Given entries:
◆ ◆ ◆

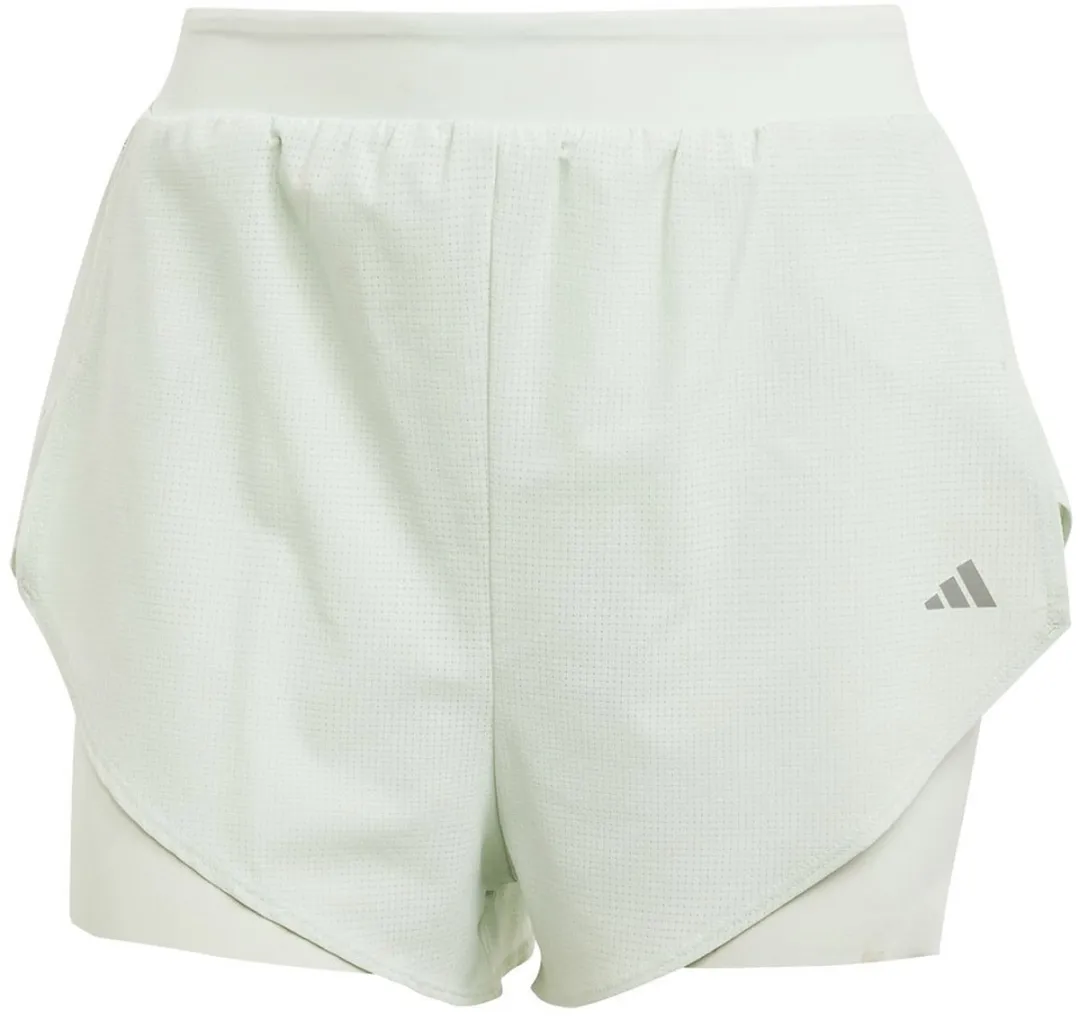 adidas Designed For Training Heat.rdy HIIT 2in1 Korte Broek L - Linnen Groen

◆ ◆ ◆

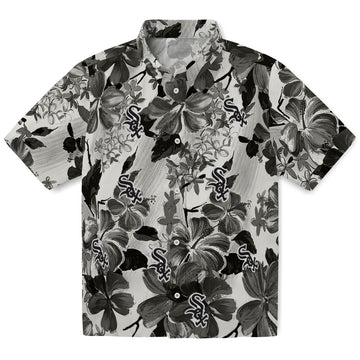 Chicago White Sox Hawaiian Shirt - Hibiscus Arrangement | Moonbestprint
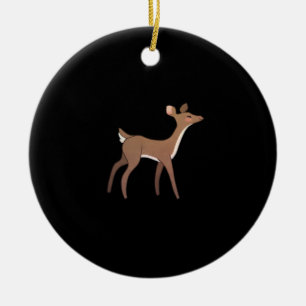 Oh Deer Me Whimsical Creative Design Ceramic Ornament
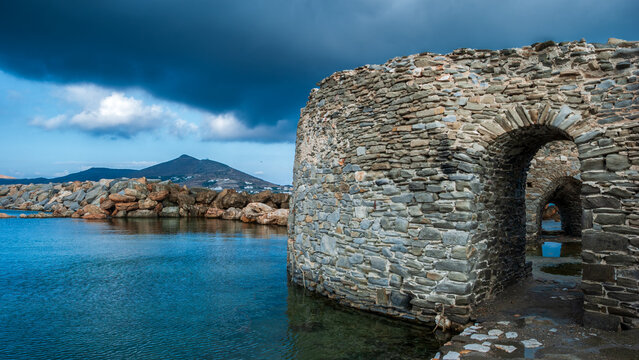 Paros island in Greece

◆ ◆ ◆

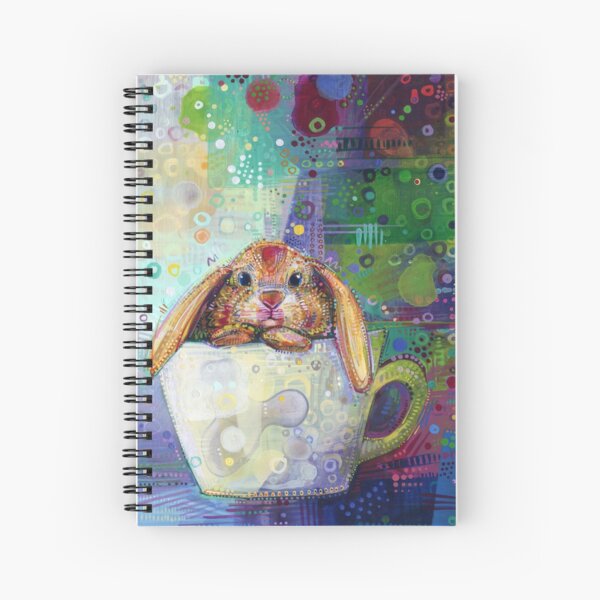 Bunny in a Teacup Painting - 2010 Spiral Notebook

◆ ◆ ◆

Brief:
From the records above, quote word for word only the lines beginning at the line that has "Chicago White Sox" and stopping after the line that has "Paros island in Greece". Omit the pictures.

Reply:
 Chicago White Sox Hawaiian Shirt - Hibiscus Arrangement | Moonbestprint
 Oh Deer Me Whimsical Creative Design Ceramic Ornament
 Paros island in Greece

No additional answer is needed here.